2022-10-27

Abstract

We look at the value of a two-player zero-sum game as a function of its payoff matrix. We see that even if that matrix is a smooth function of some parameter, the value of the game is not differentiable.

I was surprised today by the following. Consider a \(K \times M\) matrix, \(A(\lambda)\) where each entry is given by a
nice (say infinitely differentiable) function \(A_{i,j}(\lambda)\). Let us interpret \(A(\lambda)\) as the payoff matrix of a
two-player zero-sum game, and let us investigate the value function
\[V(\lambda) ~=~ \min_{p \in \triangle_K}
\max_{q \in \triangle_M}~ \sum_{i,j} p_i q_j A_{i,j}(\lambda).\]
Here, we ask if \(V(\lambda)\) is a
nice function of \(\lambda\). We will
see that it is continuous but not differentiable. Not even when the
\(A_{i,j}(\lambda)\) are
*linear* in \(\lambda\).

In the below figure we investigate the situation for \[A(\lambda) ~=~ \lambda \begin{pmatrix} 0.13 & 0.21 & 2.75 & -0.63\\ 1.45 & -2.0 & -1.02 & 0.56\\ -0.52 & -1.7 & -1.36 & -1.5 \end{pmatrix} + (1-\lambda) \begin{pmatrix} -0.83 & 1.24 & 0.25 & 0.98\\ 1.29 & 1.47 & -1.05 & 0.1\\ 1.45 & 2.22 & 1.47 & -1.29 \end{pmatrix}\] These coefficients were drawn at random until a pleasing plot appeared. The fact that this only took about 10 resamplings indicates that the situation illustrated by the plot below is not rare at all.

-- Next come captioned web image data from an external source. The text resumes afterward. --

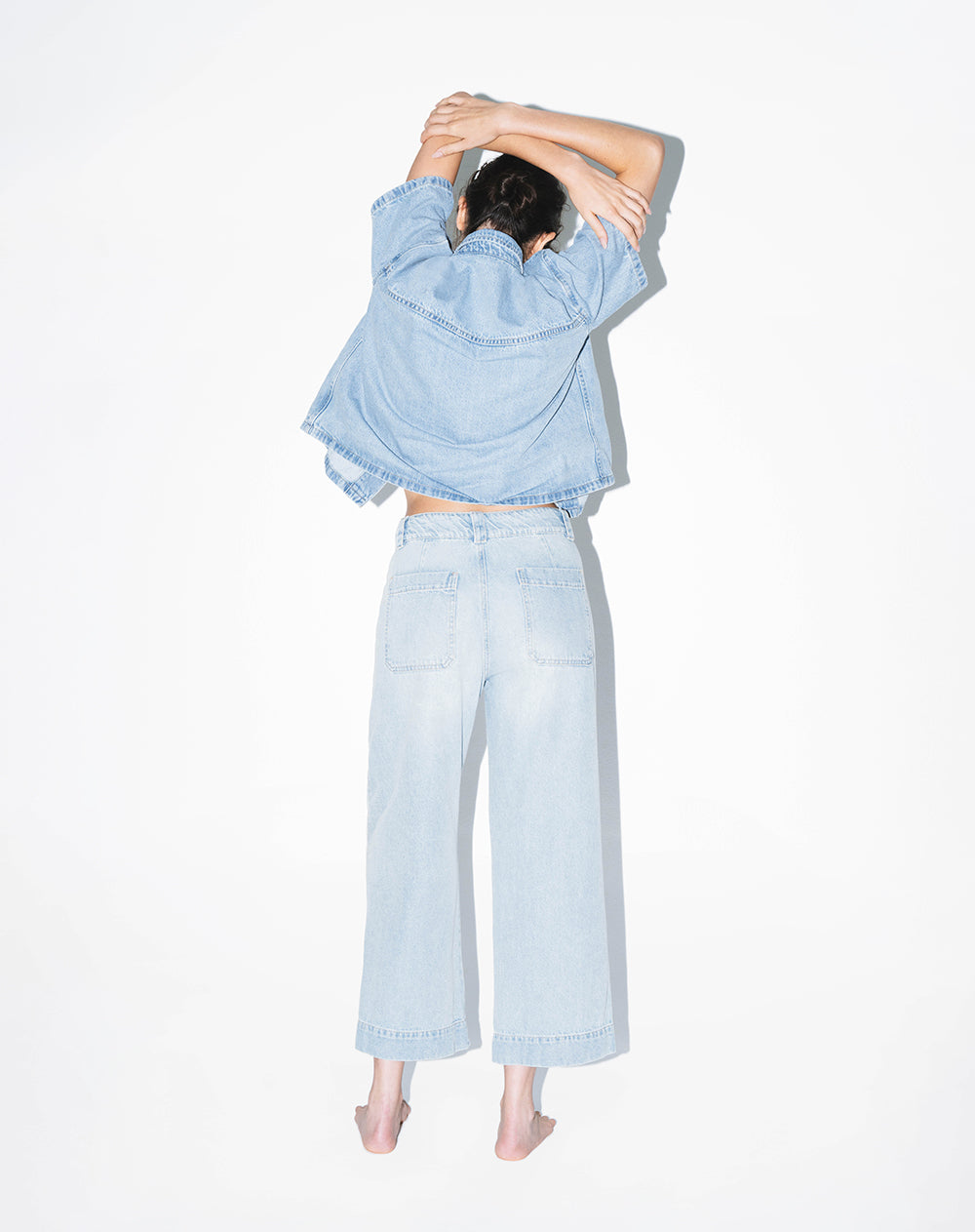 Jean culotte tiro medio índigo claro mujer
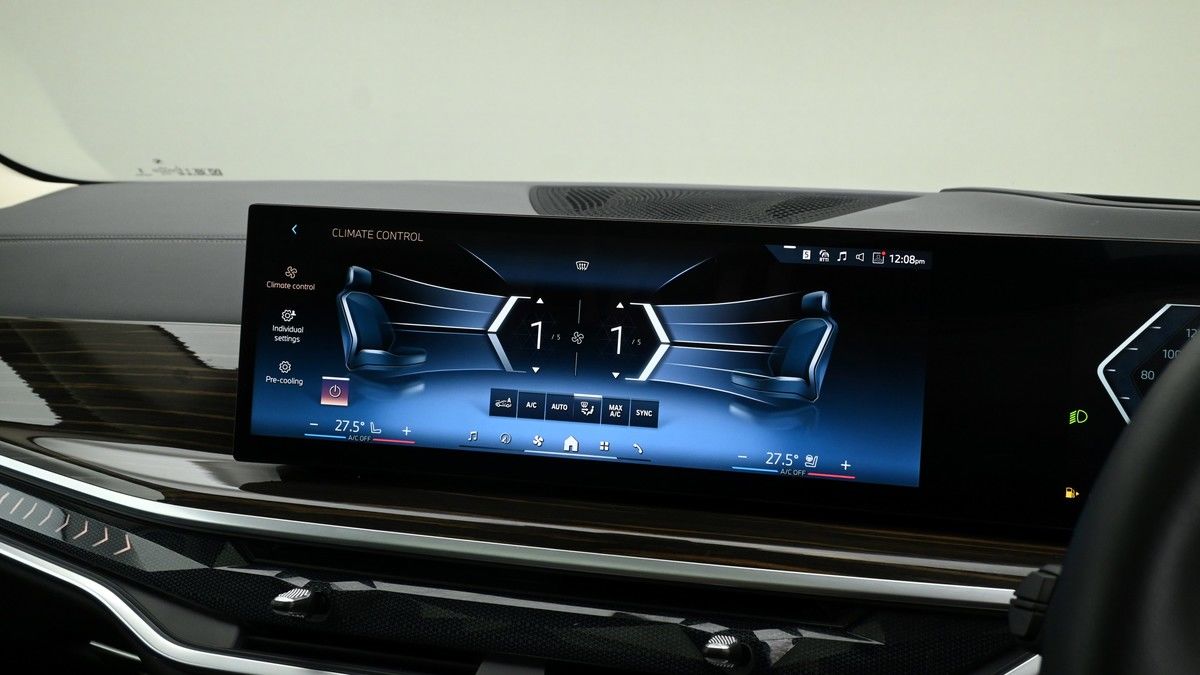 BMW X5 Image 12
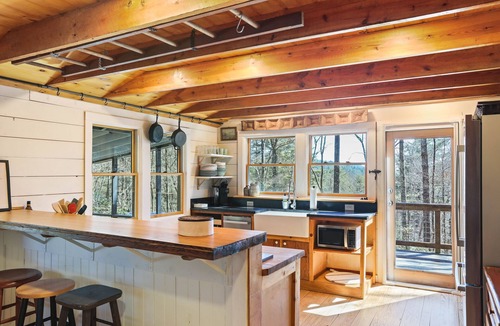 Cashiers Cabin | 🐻 Perched atop Sky Ranch Lane 🐻 Morning coffee with mountain views 🐻 Walk to Bucks Coffee & downtown Cashiers 🐻 Modern comforts, mountain pace 🐻 Nap on the screen-in porch swing 🐻 Cozy nights by the fire-pit 🐻 Trails and wate
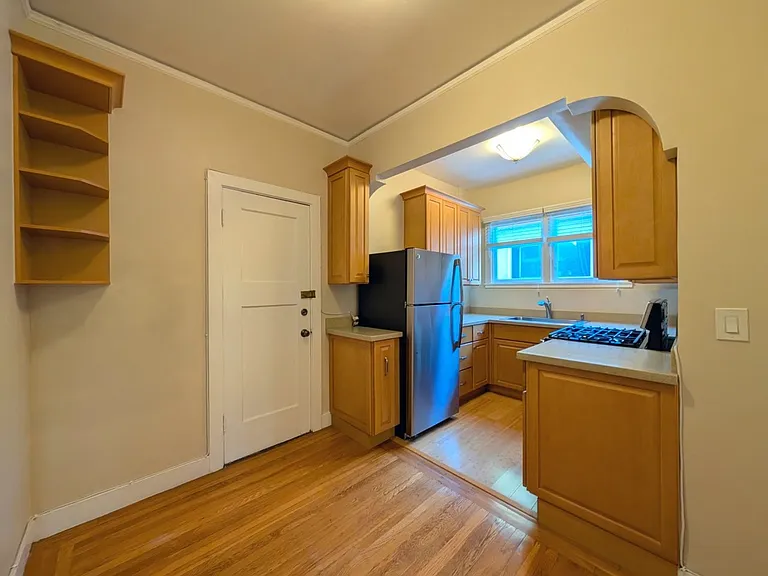 2427 Hilgard Ave — Photo 19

And just for good measure, here is a second example where the value
function has a *local* minimum (which in fact consists of two
local minima straddling a local maximum).

We see that even when the payoffs are each linear functions of a scalar parameter \(\lambda\), the value of the game is not differentiable. Is that surprising? Maybe. How about the following? Let \(p^*(\lambda)\) and \(q^*(\lambda)\) be the saddle point for \(A(\lambda)\) (which is indeed typically unique). Then by the rule for differentiating optima and by the chain rule, \begin{align*} \nabla_\lambda V(\lambda) &~=~ \nabla_\lambda \left( p^*(\lambda)^\intercal A(\lambda) q^*(\lambda) \right) \\ &~=~ (\nabla_\lambda p^*(\lambda))^\intercal A(\lambda) q^*(\lambda) + p^*(\lambda)^\intercal(\nabla_\lambda A(\lambda)) q^*(\lambda) + p^*(\lambda)^\intercal A(\lambda) (\nabla_\lambda q^*(\lambda)) \\ &~=~ p^*(\lambda)^\intercal(\nabla_\lambda A(\lambda)) q^*(\lambda) \end{align*} The first and last contribution are in fact zero. Why? Because optimality of \(p\) in \(V(p,A,q)\) requires \(V^{(1)}(p,a,q) = 0\). It is actually a bit more complicated, as \(p(\lambda)\) sums to one, and hence \(\nabla_\lambda p(\lambda)\) sums to zero. Moreover, \(A(\lambda)q^*(\lambda)\) is a constant. So the non-differentiability in the derivative \(\nabla_\lambda V(\lambda)\) is not due to nondifferentiability of the entries in \(A(\lambda)\). It is due to the optimal weights jumping. This can clearly be seen in the first figure. For example, the jump up in the derivative at \(\lambda = 0.45\) is caused by a jump in \(q^*(\lambda)\).

Why is all this interesting or relevant? Well, for example because when training GANs one optimises the parameters of an objective that is of min-max shape. As illustrated above, such objectives are complex to optimise. Even in one dimension.